Among the entries below, only the lines starting at the one with "ressuscitado que você" and ending at the one with "enquanto Nina oferecia", both included, are to be printed exactly.

EXERCISE DATA —
◇ ◇ ◇ ◇

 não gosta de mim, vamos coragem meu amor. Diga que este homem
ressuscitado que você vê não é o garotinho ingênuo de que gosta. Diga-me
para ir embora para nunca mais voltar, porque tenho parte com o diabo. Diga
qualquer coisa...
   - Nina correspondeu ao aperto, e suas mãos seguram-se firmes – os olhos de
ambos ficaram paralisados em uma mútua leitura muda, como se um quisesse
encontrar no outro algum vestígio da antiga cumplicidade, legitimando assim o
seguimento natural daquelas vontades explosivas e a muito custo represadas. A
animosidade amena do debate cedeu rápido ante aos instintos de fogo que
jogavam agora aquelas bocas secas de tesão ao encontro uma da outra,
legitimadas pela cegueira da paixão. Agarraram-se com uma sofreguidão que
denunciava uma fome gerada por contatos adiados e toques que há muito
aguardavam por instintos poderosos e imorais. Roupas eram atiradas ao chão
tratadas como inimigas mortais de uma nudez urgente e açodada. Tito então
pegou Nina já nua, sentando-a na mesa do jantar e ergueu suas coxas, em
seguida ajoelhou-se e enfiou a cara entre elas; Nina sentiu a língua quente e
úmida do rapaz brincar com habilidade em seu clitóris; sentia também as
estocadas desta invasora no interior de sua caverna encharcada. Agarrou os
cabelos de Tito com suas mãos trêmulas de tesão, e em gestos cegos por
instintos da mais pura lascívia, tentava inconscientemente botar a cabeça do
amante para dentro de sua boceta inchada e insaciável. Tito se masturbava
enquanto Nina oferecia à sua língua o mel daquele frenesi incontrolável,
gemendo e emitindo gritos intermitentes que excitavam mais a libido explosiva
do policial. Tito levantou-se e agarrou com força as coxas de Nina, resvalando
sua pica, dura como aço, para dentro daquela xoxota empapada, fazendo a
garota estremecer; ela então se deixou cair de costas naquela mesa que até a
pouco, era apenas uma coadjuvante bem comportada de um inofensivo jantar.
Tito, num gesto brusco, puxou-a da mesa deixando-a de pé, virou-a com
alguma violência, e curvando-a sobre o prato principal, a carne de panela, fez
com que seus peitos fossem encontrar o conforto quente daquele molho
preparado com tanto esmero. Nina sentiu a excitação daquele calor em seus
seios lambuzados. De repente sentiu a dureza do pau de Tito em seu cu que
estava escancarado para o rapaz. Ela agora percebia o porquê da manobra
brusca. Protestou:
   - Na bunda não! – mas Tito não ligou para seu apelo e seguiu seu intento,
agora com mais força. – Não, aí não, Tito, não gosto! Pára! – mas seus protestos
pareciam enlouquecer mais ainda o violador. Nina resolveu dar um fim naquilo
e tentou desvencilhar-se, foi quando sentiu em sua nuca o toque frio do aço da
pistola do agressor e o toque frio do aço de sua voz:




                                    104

◇ ◇ ◇ ◇

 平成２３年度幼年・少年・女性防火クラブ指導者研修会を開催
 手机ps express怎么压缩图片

◇ ◇ ◇ ◇

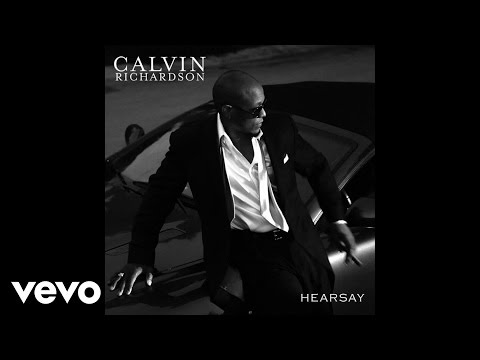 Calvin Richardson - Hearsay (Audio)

◇ ◇ ◇ ◇

OUTPUT OF THE TASK —
ressuscitado que você vê não é o garotinho ingênuo de que gosta. Diga-me
para ir embora para nunca mais voltar, porque tenho parte com o diabo. Diga
qualquer coisa...
   - Nina correspondeu ao aperto, e suas mãos seguram-se firmes – os olhos de
ambos ficaram paralisados em uma mútua leitura muda, como se um quisesse
encontrar no outro algum vestígio da antiga cumplicidade, legitimando assim o
seguimento natural daquelas vontades explosivas e a muito custo represadas. A
animosidade amena do debate cedeu rápido ante aos instintos de fogo que
jogavam agora aquelas bocas secas de tesão ao encontro uma da outra,
legitimadas pela cegueira da paixão. Agarraram-se com uma sofreguidão que
denunciava uma fome gerada por contatos adiados e toques que há muito
aguardavam por instintos poderosos e imorais. Roupas eram atiradas ao chão
tratadas como inimigas mortais de uma nudez urgente e açodada. Tito então
pegou Nina já nua, sentando-a na mesa do jantar e ergueu suas coxas, em
seguida ajoelhou-se e enfiou a cara entre elas; Nina sentiu a língua quente e
úmida do rapaz brincar com habilidade em seu clitóris; sentia também as
estocadas desta invasora no interior de sua caverna encharcada. Agarrou os
cabelos de Tito com suas mãos trêmulas de tesão, e em gestos cegos por
instintos da mais pura lascívia, tentava inconscientemente botar a cabeça do
amante para dentro de sua boceta inchada e insaciável. Tito se masturbava
enquanto Nina oferecia à sua língua o mel daquele frenesi incontrolável,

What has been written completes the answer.